Apart from the collective treatment plant being a sound financial solution, though, it comes with innumerable other benefits, according to its champions.

According to the news release, the project will attract nearly $1.9 billion in new capital investment and construction to the region, and create more than 3,400 new jobs over the coming decade.

The environmental impact is also expected to produce meaningful results.

Lagoon systems are known emitters of methane and nitrous oxide which contribute significantly to greenhouse gas emissions. Current emissions coming from lagoons amount to about 3,200 metric tons per year.

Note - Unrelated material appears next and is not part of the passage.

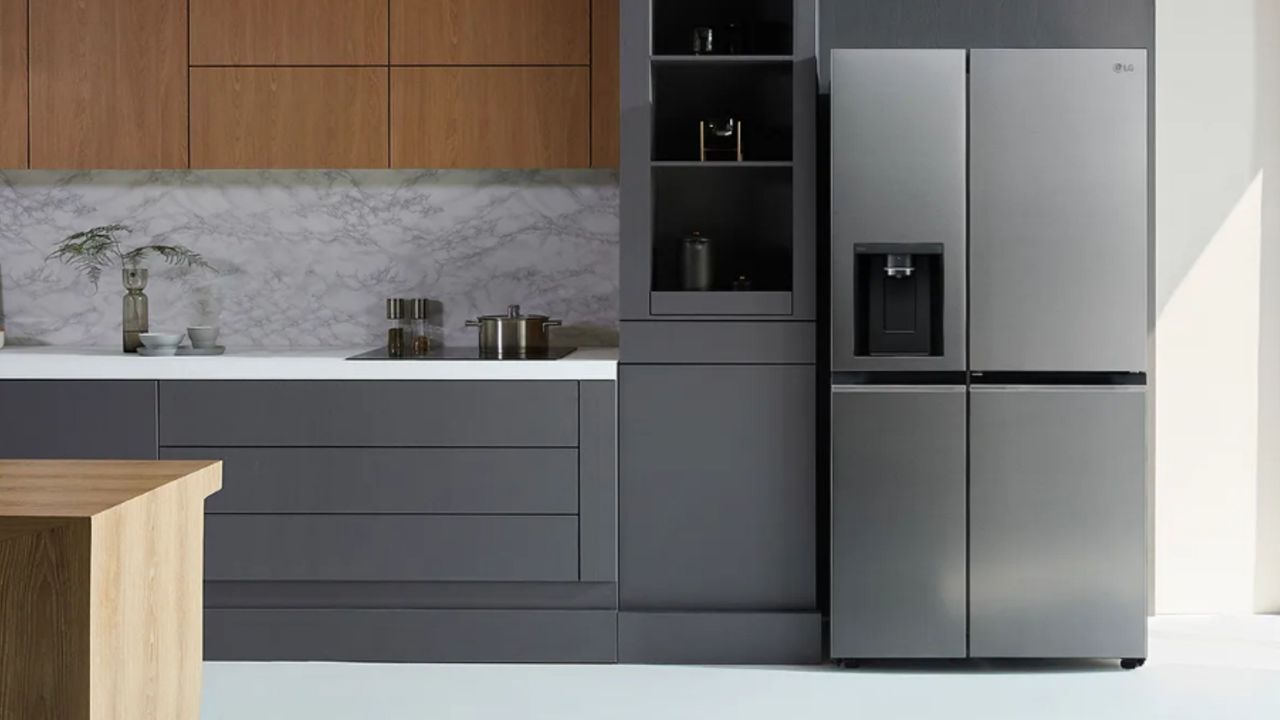 Best fridge freezer LG Door-in-Door™ GSJV70PZTF Wifi Connected Plumbed Total No Frost American Fridge Freezer - Steel - F Rated in grey kiitchen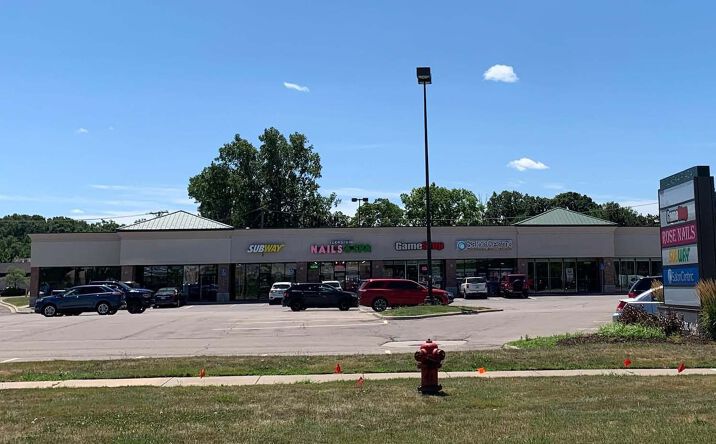 Pictures of Retail, Office, Restaurant property located at 23471-23495 Eureka Road, Taylor, MI 48180 for lease - image #1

With a mechanical system, these emissions would be reduced to 23 metric tons per year—down by 93 percent. As well, there is significantly less risk of wastewater seepage into ground water or nearby waterways, where bacterial contamination such as E. coli can occur.

In terms of value, it is expected that the treatment plant will provide a cost savings to the region to the tune of about $60 million, as every one of the RMs involved were anticipating lagoon expansions or replacement within the next five to 15 years.

The preferred site for the new treatment plant is the same location as Niverville’s current lagoon, approximately one and a half miles north of town. Although the 160-acre plot is located in Ritchot, an agreement was established between the two municipalities years ago at a time when Niverville needed to expand to a larger lagoon.

Mayor Dyck says that some of the unused 20 acres of the plot will be designated to the plant. If future expansion is needed, Ritchot and Niverville have first right of refusal to annex land adjacent to the lot.

Niverville’s existing lagoon will continue to be used as a holding pond.